- Your goal -
Your copy should hold every record exactly and no images.

- Data for processing -
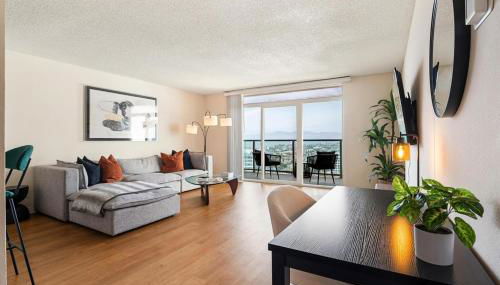 Amber Tide - Bright 1BR Marina Gem Ocean View - Foto 1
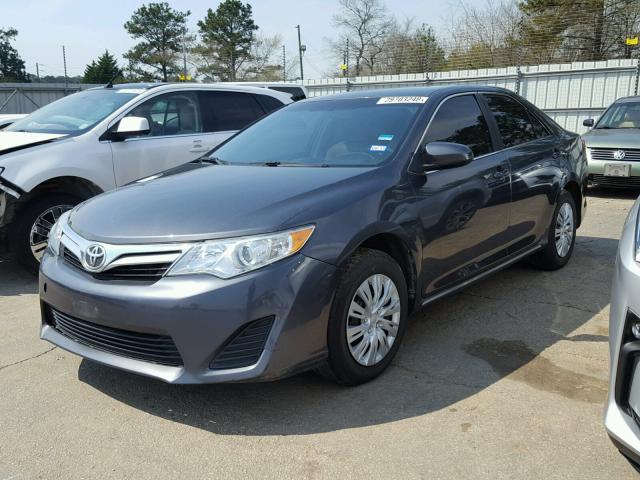 4T1BF1FKXCU103277 - 2012 TOYOTA CAMRY BASE GRAY photo 2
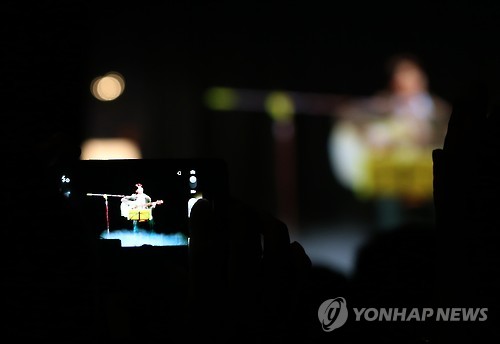 다시 노래하는 김광석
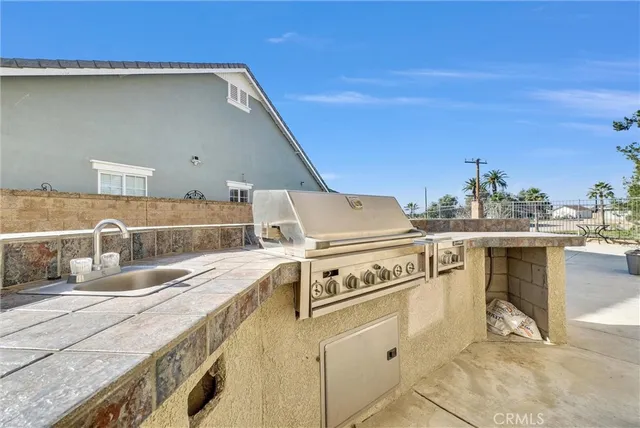 $999,000 | 519 Cedarbrook Lane, Corona, CA 92879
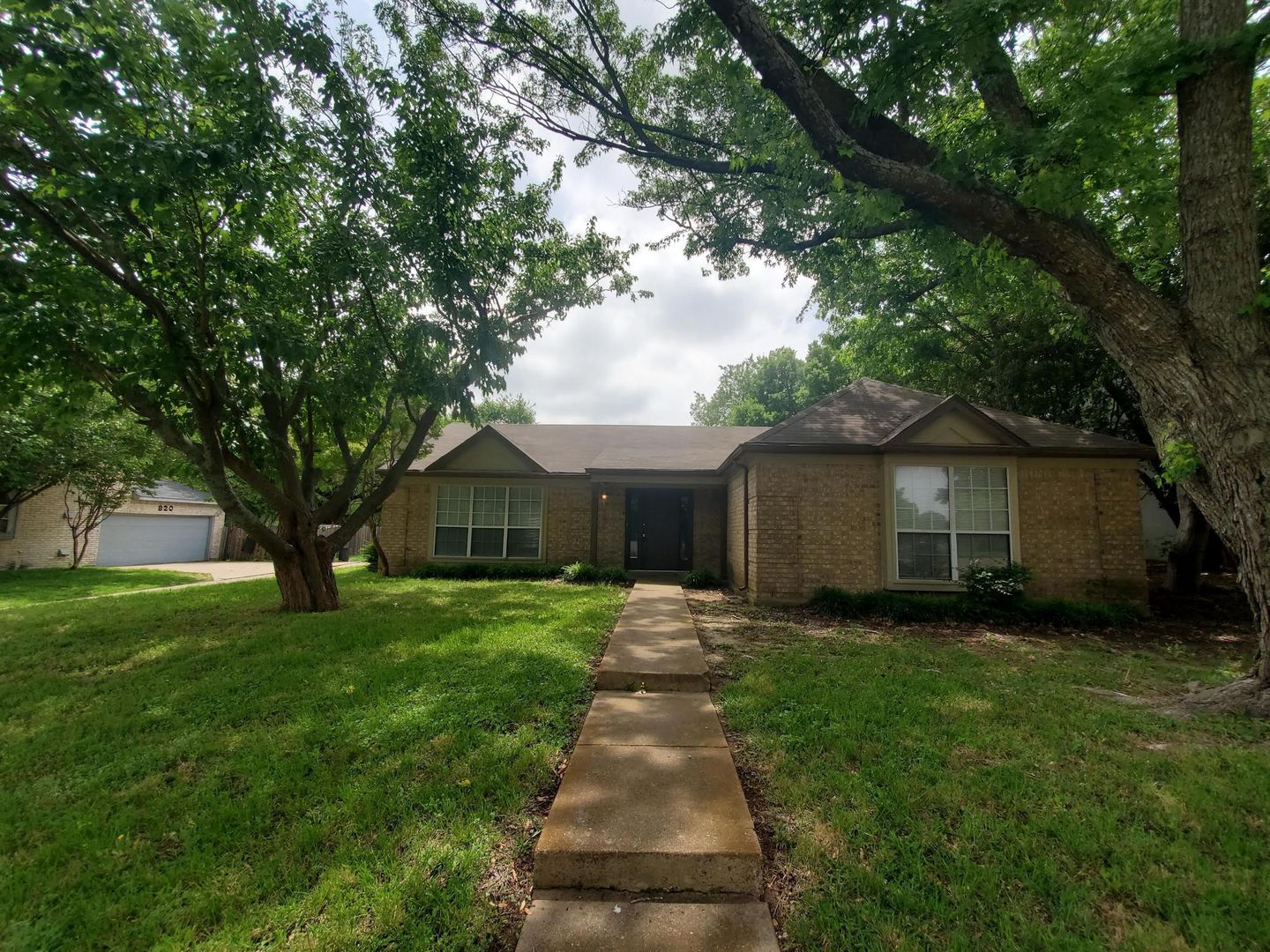 Great home close to high school!  Desoto ISD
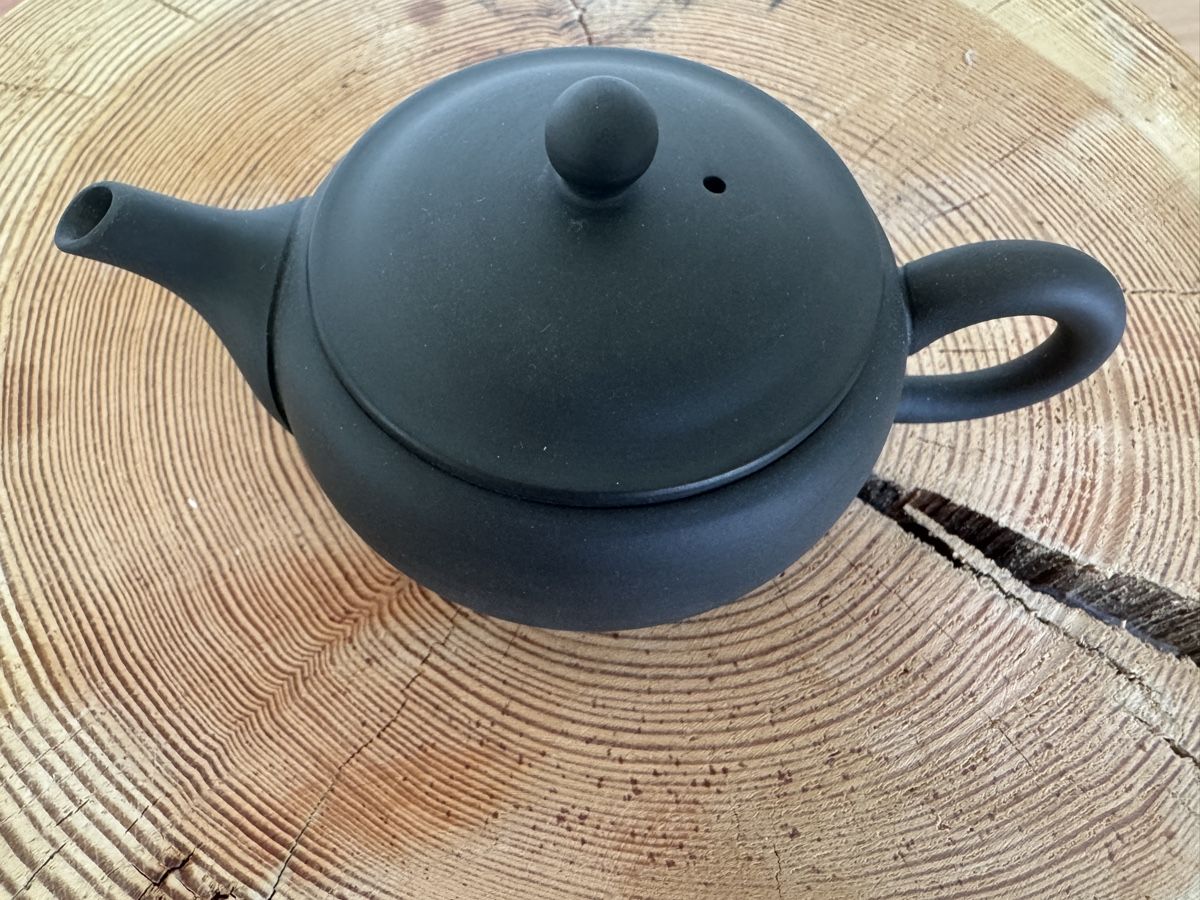 Teiere: Minimalist Dark Clay Takasune Teapot – Nuovo e nell'imballaggio originale da Adliswil venduto da bar_lw2m 4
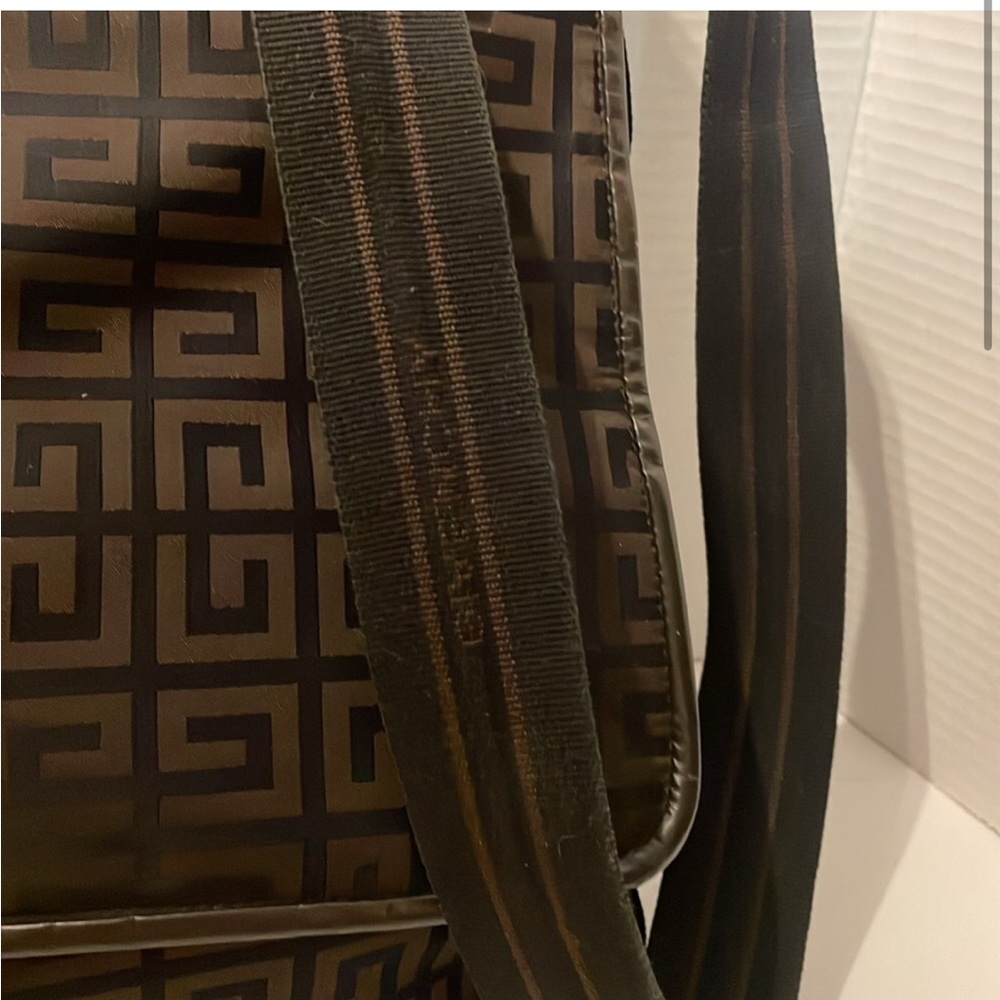 Givenchy laptop/ crossbody authentic Bag - Picture 2 of 6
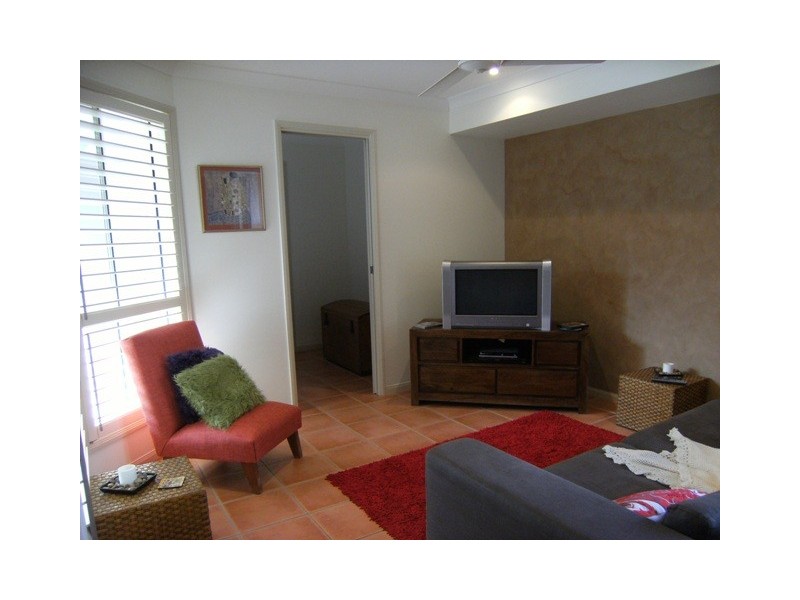 21 Leafhaven Drive, Tewantin QLD 4565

- Task output -
 Amber Tide - Bright 1BR Marina Gem Ocean View - Foto 1
 4T1BF1FKXCU103277 - 2012 TOYOTA CAMRY BASE GRAY photo 2
 다시 노래하는 김광석
 $999,000 | 519 Cedarbrook Lane, Corona, CA 92879
 Great home close to high school!  Desoto ISD
 Teiere: Minimalist Dark Clay Takasune Teapot – Nuovo e nell'imballaggio originale da Adliswil venduto da bar_lw2m 4
 Givenchy laptop/ crossbody authentic Bag - Picture 2 of 6
 21 Leafhaven Drive, Tewantin QLD 4565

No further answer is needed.